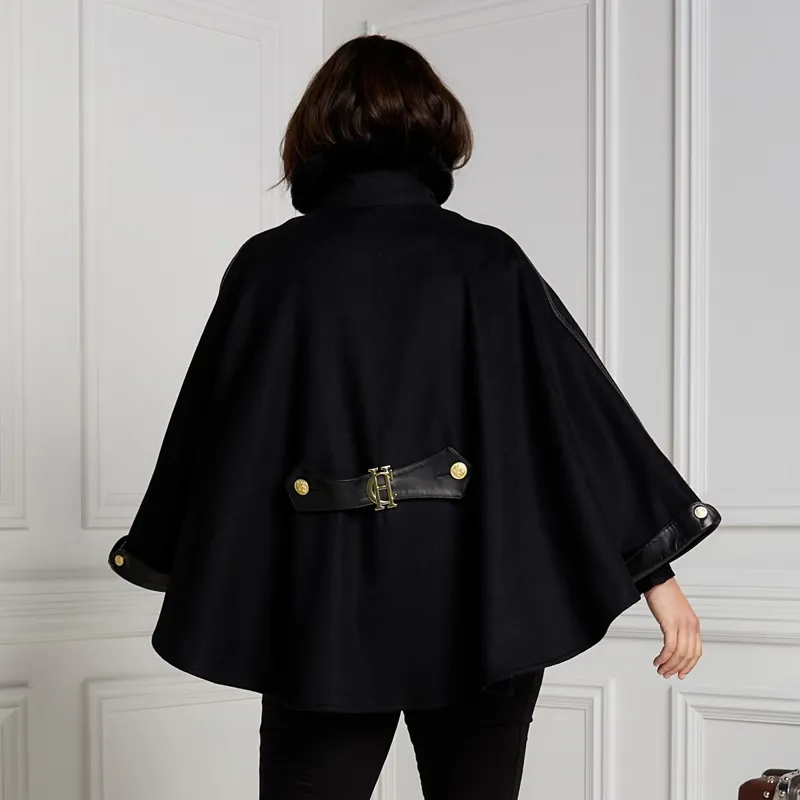 Holland Cooper Chiltern Cape - Soft Black-4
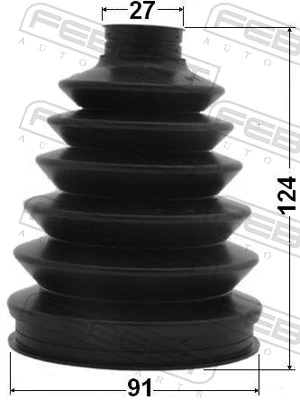 0317PCL20 Febest Fuelle transmisión delantero exterior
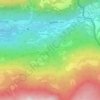 Mapa topográfico Scalotta, altitud, relieve
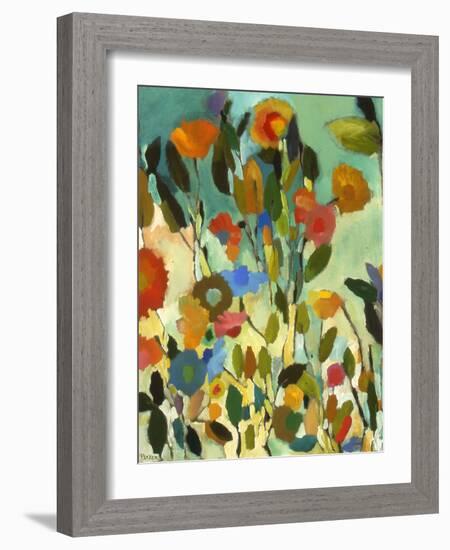 Turquoise Garden-Kim Parker-Framed Giclee Print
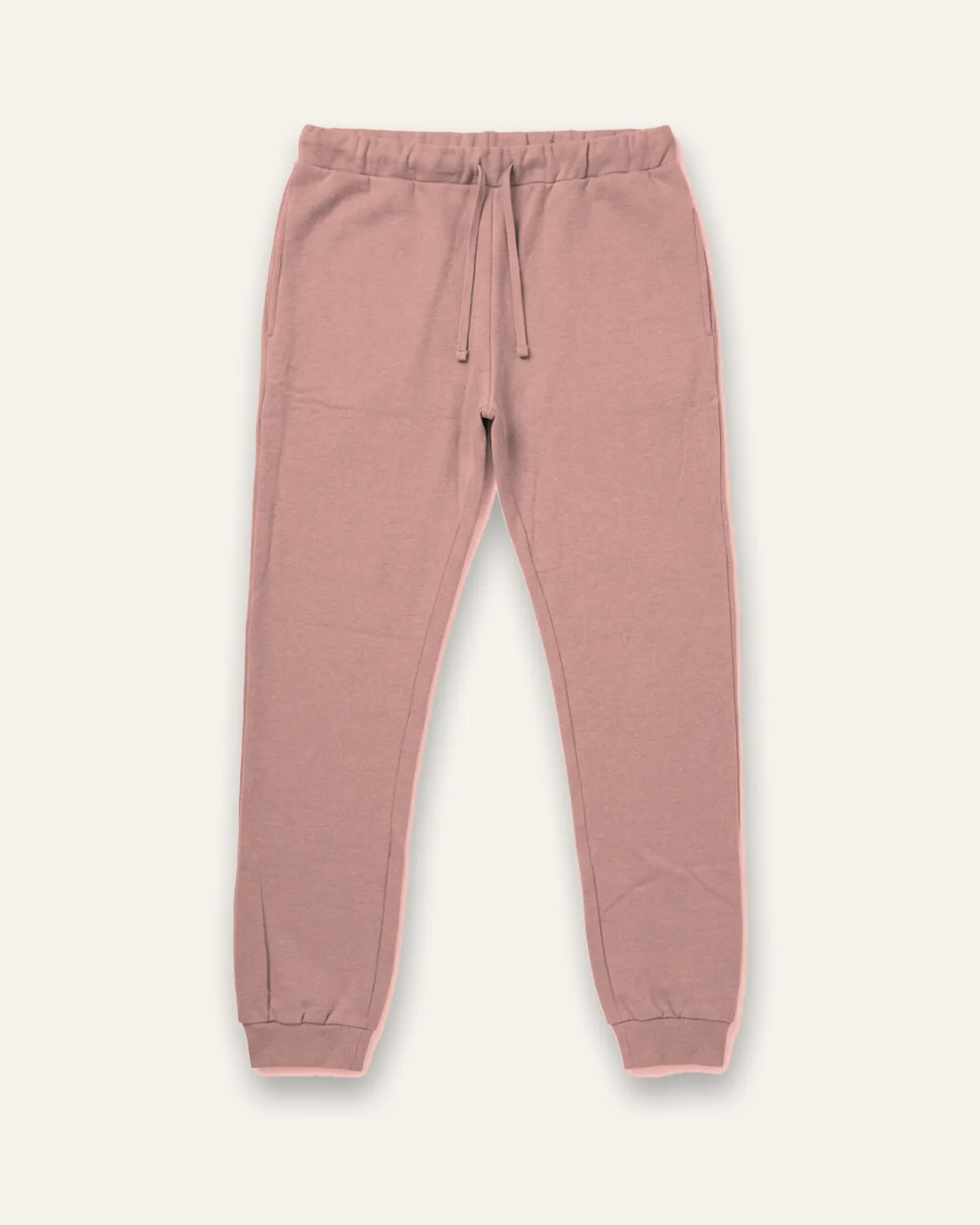 Daily Fleece Jogger in Dusty Rose, laid flat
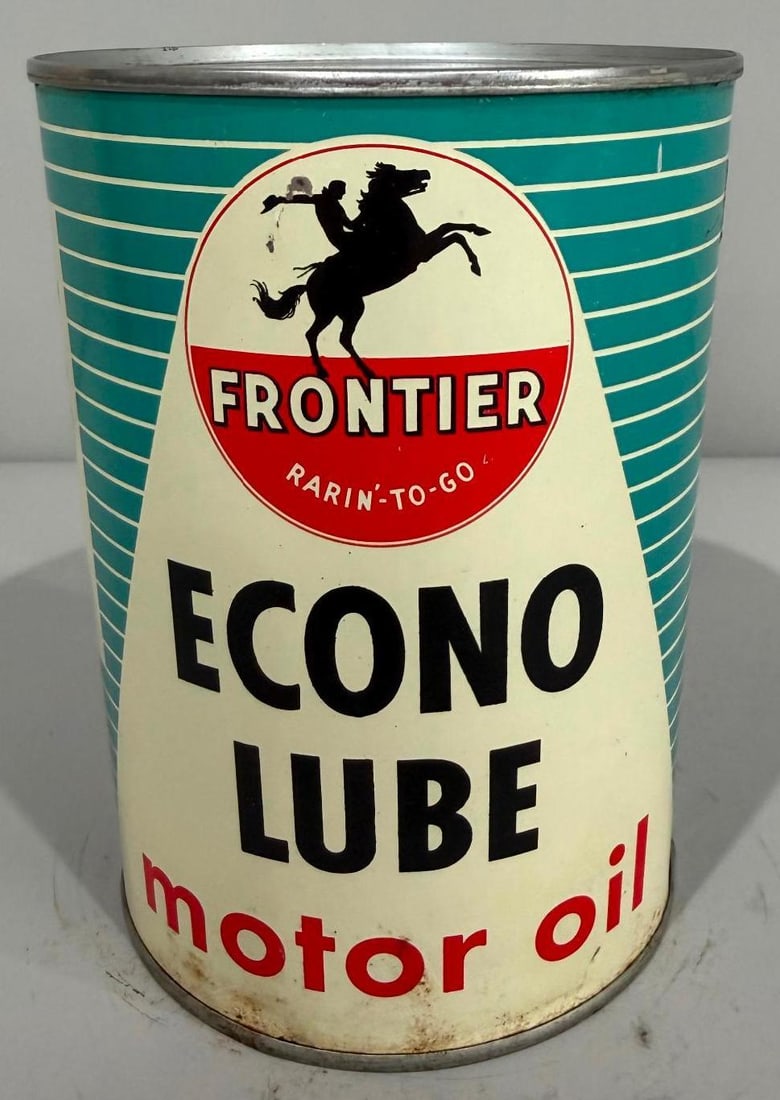 Frontier Motor Oil Metal Quart Can (1 of 3)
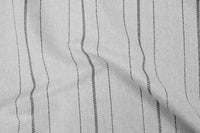 Inari Noir - Curtain fabric with Black striped print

____________________

▶ [PROBLEM REQUIREMENTS]: In the data above, find the line containing "Frontier Motor Oil Metal Quart Can (1 of 3)", then output it and every later line exactly, without the pictures.

▶ [WRITTEN SOLUTION]:
 Frontier Motor Oil Metal Quart Can (1 of 3)
 Inari Noir - Curtain fabric with Black striped print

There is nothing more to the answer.